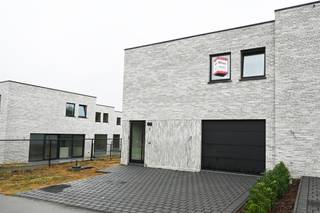 <p>Deze halfopen nieuwbouwwoning combineert hedendaags wooncomfort met een vooruitstrevende energie-efficiëntie. Dankzij het negatief E-peil woon je bijzonder zuinig, met een minimaal energieverbruik en een maximaal wooncomfort. De BEN-woning is uitgerust met de nieuwste duurzame technologieën, waaronder zonnepanelen, een warmtepomp, ventilatiesysteem D met warmterecuperatie, 3-dubbele zonwerende beglazing, regenwaterrecuperatie en een aansluiting voor een laadpaal.<br /><br />Bij het binnenkomen van de woning kom je in de inkomhal met gastentoilet, die toegang geeft tot een lichtrijke leefruimte met eetgedeelte en een prachtig zicht op de tuin. De grote raampartijen zorgen voor een overvloed aan natuurlijk licht en creëren een aangename woonbeleving. De volledig ingerichte moderne keuken heeft een aansluitende berging/wasplaats die tevens dienst doet als technische ruimte.<br /><br />Op de eerste verdieping bevinden zich drie slaapkamers, een berging/dressing en een badkamer met bad en douche. Buiten geniet je van een volledig omheinde oost gerichte tuin  <br />met terras waar je in alle rust kan ontspannen. Voor de wagens is er een garage en twee parkeerplaatsen voorzien. <br /><br />EPC -2 kWh/m²- label A+<br />Grondwaarde: 130.000€ + 12% registratierechten + constructiewaarde: 405.000€ + 21% BTW<br />WGlk-Gdv-Gvv-Gvkr</p>
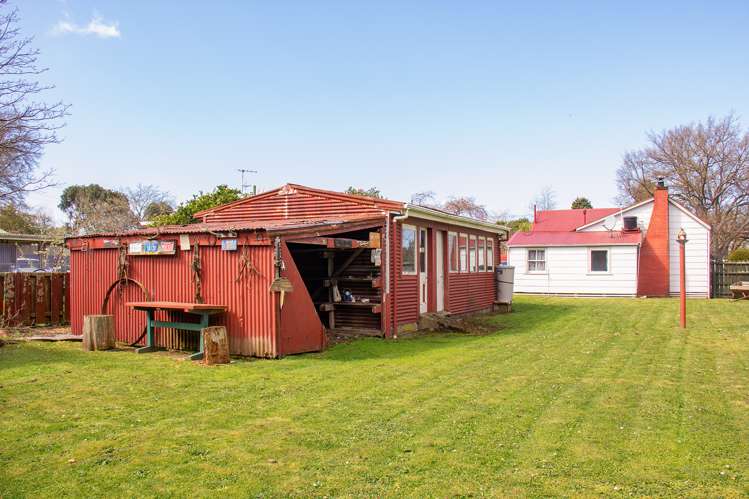 186 High Street South Carterton_19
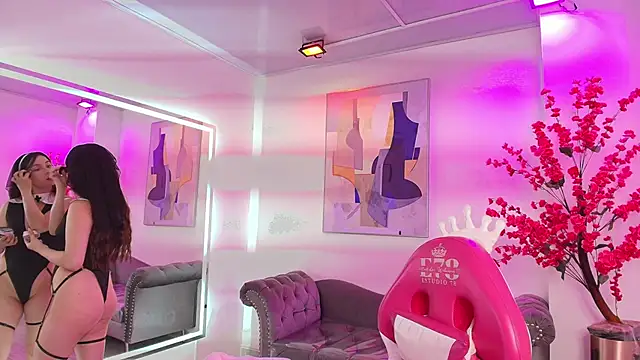 Chloe dolly online show from 04-09-26, 11:15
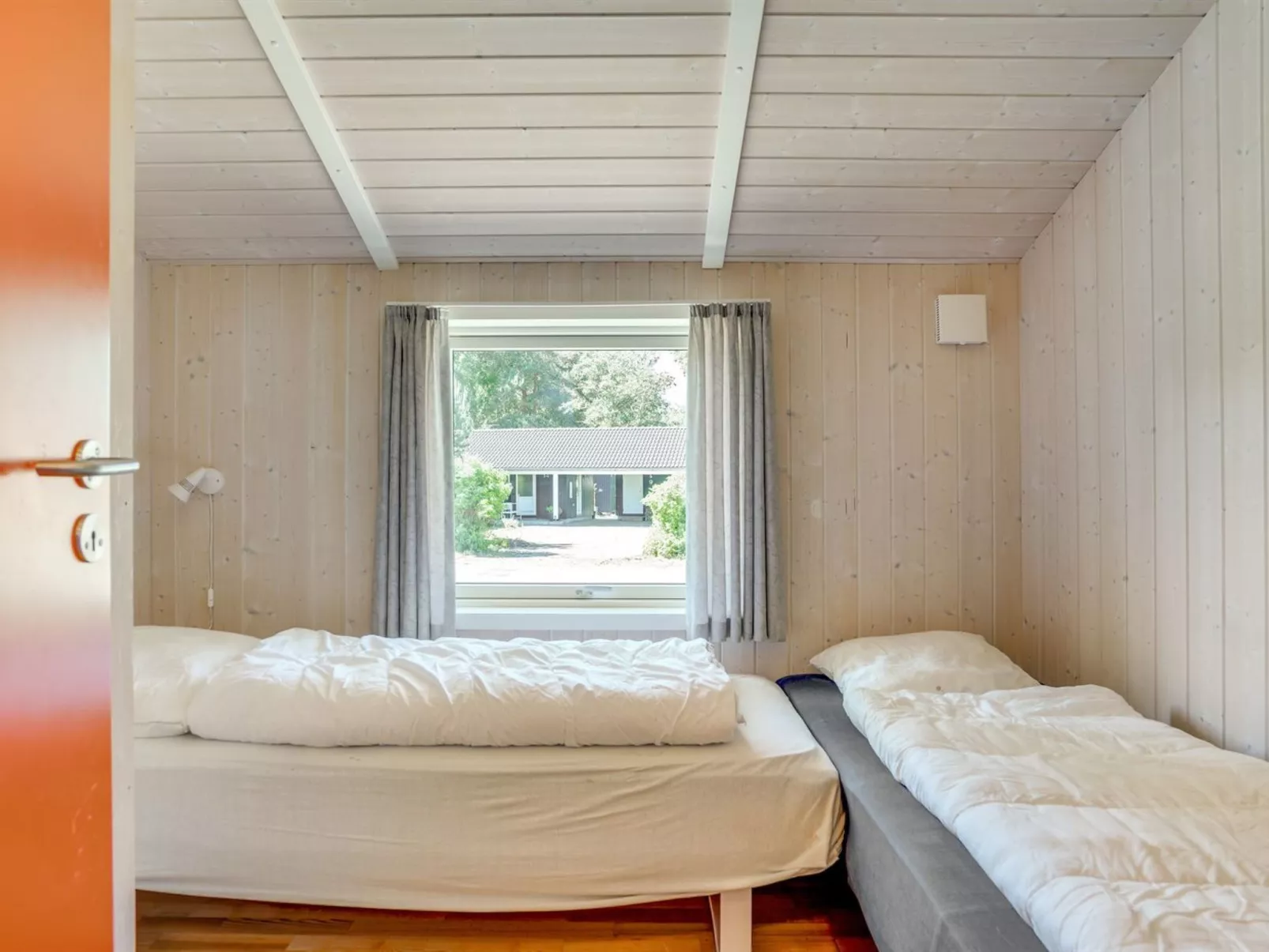 "Gith" - 800m from the sea-Inside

※ ※ ※

TASK REQUIREMENTS: All that is needed is an exact copy of the lines from the line with "Chloe dolly online show from 04-09-26, 11:15" through the end of the listing, both ends included, with no pictures.

ANSWER FOR THIS EXERCISE:
 Chloe dolly online show from 04-09-26, 11:15
 "Gith" - 800m from the sea-Inside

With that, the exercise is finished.